Solo Travel Date Side Note: In many cultures, someone may invite you to a family event or to go out with a friend after just meeting you for the first time. While it may be harmless on their part if you don’t feel comfortable with it decline politely. Tell them that you would feel more comfortable meeting them for coffee. If they insist pull the plug. Why? if they’re not respecting your wishes that’s not a good way to start any friendship
By following all these steps, you are setting boundaries from the very beginning.
People generally, and men specifically, will treat you how you teach them to treat you. Anyone who pushes back on any of your boundaries is NOT someone you should meet I don’t care how cute, handsome or sexy they may be.
Remember that you are no safer with a person you randomly meet at a hotel restaurant or hotel bar, gym, supermarket, than a person you meet online. Use the same level of situation awareness. Use the same level of discretion. You can check out my “BaldGirlWillTravel: A Guide to Travel Safety & Security for Solo Female Travelers” to learn more about situational awareness and how important it is.
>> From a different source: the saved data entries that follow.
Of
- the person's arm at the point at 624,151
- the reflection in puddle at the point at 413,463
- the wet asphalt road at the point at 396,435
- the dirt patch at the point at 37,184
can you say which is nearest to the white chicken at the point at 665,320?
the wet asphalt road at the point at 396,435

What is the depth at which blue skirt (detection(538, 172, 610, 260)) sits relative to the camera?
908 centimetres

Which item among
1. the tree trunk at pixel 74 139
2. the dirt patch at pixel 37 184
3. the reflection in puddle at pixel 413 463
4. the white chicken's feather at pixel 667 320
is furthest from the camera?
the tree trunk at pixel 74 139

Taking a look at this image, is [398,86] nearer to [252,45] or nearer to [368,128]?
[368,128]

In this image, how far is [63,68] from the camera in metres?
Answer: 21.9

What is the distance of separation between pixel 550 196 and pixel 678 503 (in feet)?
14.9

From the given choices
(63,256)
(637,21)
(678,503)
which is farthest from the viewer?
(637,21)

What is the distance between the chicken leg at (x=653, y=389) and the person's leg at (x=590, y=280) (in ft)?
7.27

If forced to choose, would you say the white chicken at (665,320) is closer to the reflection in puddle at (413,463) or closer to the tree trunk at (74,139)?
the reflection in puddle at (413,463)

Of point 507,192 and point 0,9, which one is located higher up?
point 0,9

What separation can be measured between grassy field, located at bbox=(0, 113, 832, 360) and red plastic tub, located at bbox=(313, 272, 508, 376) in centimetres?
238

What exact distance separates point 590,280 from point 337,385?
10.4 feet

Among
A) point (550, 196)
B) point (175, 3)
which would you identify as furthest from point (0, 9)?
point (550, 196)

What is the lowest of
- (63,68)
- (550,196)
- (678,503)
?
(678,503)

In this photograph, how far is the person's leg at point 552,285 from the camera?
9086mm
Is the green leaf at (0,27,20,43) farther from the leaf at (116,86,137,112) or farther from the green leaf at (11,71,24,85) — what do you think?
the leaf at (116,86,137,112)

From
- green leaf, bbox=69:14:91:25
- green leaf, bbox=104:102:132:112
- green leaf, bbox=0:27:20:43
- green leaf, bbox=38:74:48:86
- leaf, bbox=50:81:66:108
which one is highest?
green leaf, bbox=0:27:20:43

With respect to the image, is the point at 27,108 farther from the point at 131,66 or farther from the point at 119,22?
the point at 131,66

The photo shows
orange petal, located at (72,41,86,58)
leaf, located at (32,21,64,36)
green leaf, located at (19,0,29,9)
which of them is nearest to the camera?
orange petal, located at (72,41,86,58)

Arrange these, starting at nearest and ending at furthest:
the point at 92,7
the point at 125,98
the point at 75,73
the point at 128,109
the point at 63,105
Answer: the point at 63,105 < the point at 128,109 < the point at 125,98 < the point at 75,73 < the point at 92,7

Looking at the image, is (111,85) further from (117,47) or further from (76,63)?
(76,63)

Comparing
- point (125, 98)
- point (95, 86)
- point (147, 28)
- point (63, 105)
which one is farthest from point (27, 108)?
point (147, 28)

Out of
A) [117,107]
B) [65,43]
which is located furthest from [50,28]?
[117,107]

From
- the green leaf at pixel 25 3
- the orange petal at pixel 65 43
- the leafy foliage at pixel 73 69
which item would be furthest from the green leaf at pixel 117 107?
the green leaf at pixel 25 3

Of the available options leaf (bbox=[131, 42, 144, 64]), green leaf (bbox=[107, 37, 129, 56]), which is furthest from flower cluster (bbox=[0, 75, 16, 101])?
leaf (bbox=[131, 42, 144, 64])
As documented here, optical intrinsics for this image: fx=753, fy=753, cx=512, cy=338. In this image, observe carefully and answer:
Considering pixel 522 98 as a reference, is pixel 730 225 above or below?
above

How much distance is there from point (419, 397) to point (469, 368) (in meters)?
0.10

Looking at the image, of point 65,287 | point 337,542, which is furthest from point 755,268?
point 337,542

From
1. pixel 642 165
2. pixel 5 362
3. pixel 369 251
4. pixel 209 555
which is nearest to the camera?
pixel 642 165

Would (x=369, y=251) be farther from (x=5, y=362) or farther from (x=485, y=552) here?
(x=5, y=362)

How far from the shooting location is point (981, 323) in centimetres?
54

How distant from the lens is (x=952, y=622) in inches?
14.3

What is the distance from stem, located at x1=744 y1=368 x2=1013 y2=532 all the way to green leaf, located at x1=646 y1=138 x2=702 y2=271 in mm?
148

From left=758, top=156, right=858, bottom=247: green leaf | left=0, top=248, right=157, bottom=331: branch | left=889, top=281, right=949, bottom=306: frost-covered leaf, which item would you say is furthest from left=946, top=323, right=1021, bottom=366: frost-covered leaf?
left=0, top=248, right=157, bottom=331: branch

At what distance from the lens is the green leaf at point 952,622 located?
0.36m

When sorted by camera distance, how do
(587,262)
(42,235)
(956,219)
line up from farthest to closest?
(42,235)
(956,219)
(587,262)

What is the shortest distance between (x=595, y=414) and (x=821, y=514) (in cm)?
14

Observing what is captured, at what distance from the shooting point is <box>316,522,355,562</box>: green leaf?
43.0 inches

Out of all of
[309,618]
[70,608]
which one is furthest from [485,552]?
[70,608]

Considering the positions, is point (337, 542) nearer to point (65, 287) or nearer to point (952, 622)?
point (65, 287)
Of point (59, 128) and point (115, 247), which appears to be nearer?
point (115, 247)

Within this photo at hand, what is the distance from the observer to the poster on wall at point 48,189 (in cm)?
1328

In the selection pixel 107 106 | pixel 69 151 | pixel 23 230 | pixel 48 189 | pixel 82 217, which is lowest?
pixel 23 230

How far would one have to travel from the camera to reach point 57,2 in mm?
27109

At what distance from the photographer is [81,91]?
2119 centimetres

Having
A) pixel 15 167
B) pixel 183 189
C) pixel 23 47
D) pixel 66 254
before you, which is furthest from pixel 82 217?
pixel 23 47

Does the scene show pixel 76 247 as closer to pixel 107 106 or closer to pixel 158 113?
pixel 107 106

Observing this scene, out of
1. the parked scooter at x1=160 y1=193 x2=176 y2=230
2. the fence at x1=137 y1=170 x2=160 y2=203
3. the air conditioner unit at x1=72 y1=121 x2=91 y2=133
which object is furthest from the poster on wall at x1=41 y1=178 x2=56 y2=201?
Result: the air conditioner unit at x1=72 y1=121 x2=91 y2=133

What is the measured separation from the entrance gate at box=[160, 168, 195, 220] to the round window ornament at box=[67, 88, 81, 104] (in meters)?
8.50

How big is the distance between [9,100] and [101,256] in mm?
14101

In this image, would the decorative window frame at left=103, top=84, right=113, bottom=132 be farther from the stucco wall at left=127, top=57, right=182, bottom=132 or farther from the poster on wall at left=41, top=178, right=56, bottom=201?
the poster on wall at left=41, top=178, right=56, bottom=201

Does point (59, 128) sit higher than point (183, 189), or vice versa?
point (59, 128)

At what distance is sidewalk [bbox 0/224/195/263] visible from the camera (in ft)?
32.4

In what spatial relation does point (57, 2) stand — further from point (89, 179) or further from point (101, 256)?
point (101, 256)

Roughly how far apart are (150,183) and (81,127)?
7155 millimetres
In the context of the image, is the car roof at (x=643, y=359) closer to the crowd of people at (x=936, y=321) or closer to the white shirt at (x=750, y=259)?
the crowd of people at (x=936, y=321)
Dating should be fun. Not anxiety-inducing or stressful.
Don’t approach dating with desperation. it’s not attractive. Men are like buses there is always another one coming so if you don’t like one, you may like the next one, just keep swiping.
If things go well on a first or second meet-up, let nature takes its course but be SAFE, bring your own condoms and check those expiration dates before packing them!
Happy Dating while Solo Traveling, Living Abroad, or wherever you are!